Day’s Verse:
If God gives such attention to the appearance of wildflowers—most of which are never even seen—don’t you think he’ll attend to you, take pride in you, do his best for you?
Matthew 6:30

Another week, another bike ride. Except that this wasn’t just any bike ride. This was Cascade’s Flying Wheels Summer Century, which I originally only did because all my friends were doing it. I don’t like big rides with lots of people, and most of the time, Cascade rides are that exact thing. However, I duly registered because, as I said, I succumbed to peer pressure. Happily, the weather cooperated and stayed cloudy, dry, and right around 60°F.

Last year, those same riding buddies averaged 21 mph on this ride. That’s a sub-5 hour century. There’s no way I could begin to touch that, and I was hoping this year they’d maybe take it a bit easier. Ha, ha, ha! This century was flatter than the average Earthdream or RTS ride, and we spent a lot of time in the Snoqualmie/Snohomish Valley areas, which have rolling hills and long, flat sections that are perfect for people to get in a paceline and fly (this is called “putting the hammer down,” or “hammering.” That’s your bike vocab lesson for this post).

The first 30 or so miles, I managed to stay with the fast people, but I could feel my legs burning up their reserves way too fast. We averaged just over 20 mph to the first rest stop. I knew it was way too fast for me, and that I wouldn’t be able to sustain that pace for another 70 miles.

After that, I felt really exhausted, and fell back from the very front people to ride with the next group. Even they, hanging out in the 22- to 25-mph range, were eventually too fast for me. I stayed with them through to the rest stop at mile 56.

At that rest stop, the fastest people were just leaving as we arrived. We waved them off and then Dad and I joined some other people we knew who wanted to go a bit slower (like 20 mph). We had an excellent 30 miles together, taking turns pulling and maintaining a good average on the flats in the valley. My legs recovered from the earlier hard hard hard push and started feeling really strong and good. I was able to pull at 20 – 21 mph for sustained periods of time, which is super good for me. We passed all sorts of people on the last climb up the from the valley to the plateau.

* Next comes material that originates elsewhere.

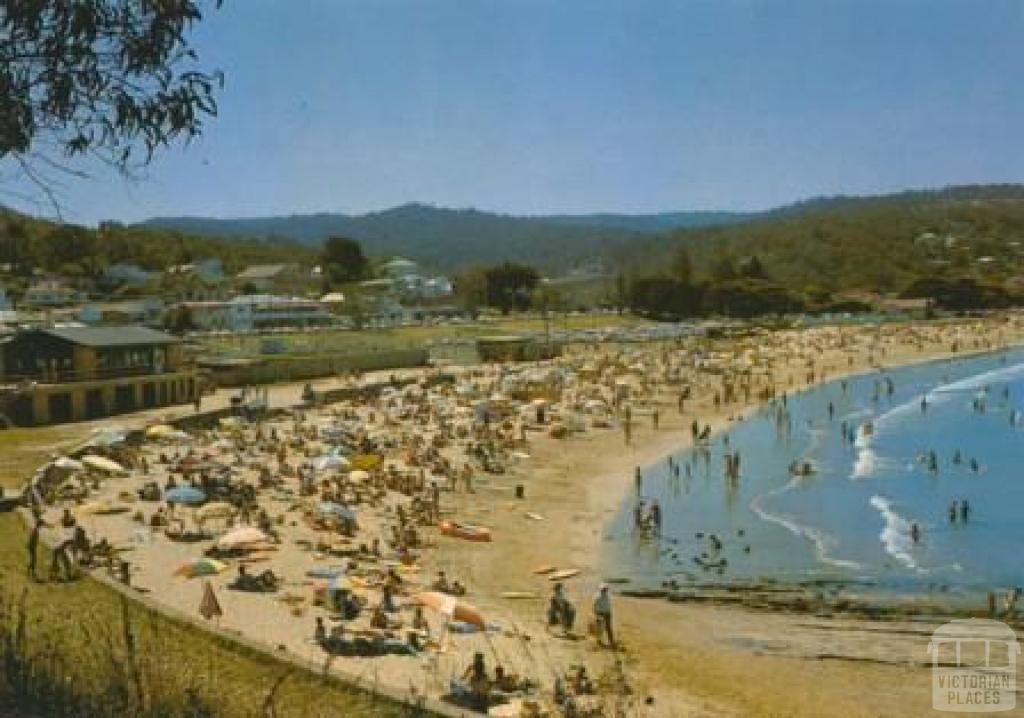 Overlooking Loutitt Bay and surf beach, Lorne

We paused at the rest stop at mile 85 just to regroup. Much to my delight, my buddy Dean was there with his Pedal Dynamics van doing the mechanic work. I said hi, Dean! and we were off. …But not for long. At mile 86, I heard PINGGGGG! and suddenly my rear wheel was dragging, bad. At first I thought it was a flat. I pulled over and we established it was much, much worse than a flat. I’d popped a spoke in the rear wheel, which was now so badly out of true that it was jammed against the rear brake and couldn’t even turn.

Crap (I’ll admit to using some rather stronger language than that at the time). Some mechanical issues you can fix on the road. A popped spoke, especially on a Dura-Ace wheel like mine, is not one of those. While everybody else rode on, Dad and I returned to the Pedal Dynamics booth, where Dean confirmed that he could neither fix nor jury-rig the wheel. My ride was effectively over at that point. Except that Dean had his own personal 10-speed cyclocross rear wheel in the van that would work on my bike. When he swapped the wheels — including putting my tire on, since his was too wide for my frame — my gratefulness basically went off the charts. The wheel felt weird, and the gearing wasn’t my first choice, but it worked. I’m so incredibly grateful that my spoke went out within walking distance of a stop, and that it was Dean at that stop. Amazing, really.

So Dad and I finished the ride together, taking turns pulling up East Lake Sammamish. Sadly, our friends were long gone, and my magical happy legs feeling evaporated not long after we resumed. I was very grateful to finish those last miles at all, since I’d just about given up hope when my spoke popped. Unfortunately, I didn’t pay attention to eating and drinking during those last 13 miles, and by mile 90 was starting to feel weak, lightheaded, and alarmingly loopy. I hung on to Dad’s wheel and let him pull me the last eight or so miles. I haven’t bonked that hard in a long time, and it did not feel good.

Upon finishing, I found the free chocolate milk and immediately downed three little containers of it, hoping to recover quickly. That turned out to be a terrible mistake, as I spent the next half hour riding slowly to 60 Acres park with terrible stomach cramps. Mom met us at 60 Acres with the car and dropped me off at home. Eventually my stomach recovered, I ate a sandwich, and here I am. Dean has my broken wheel and hopes to have it fixed before my ride next Saturday.

Despite everything, Dad and I averaged 19.2 mph over 98 miles, with about 5200 feet of climbing. It took us 5 hours and 2 minutes of riding time. That’s significantly a faster average than I’ve ever been able to maintain before, even on shorter, flatter rides. I really enjoyed the teamwork aspect of taking turns pulling to maintain a good average. It was, in a word, fun.

One thought on “Flying Wheels Century Ride Report

  1. Bikes seem to be pretty fragile things. I guess they are pretty intricate and you make them work pretty hard! Glad you survived all that.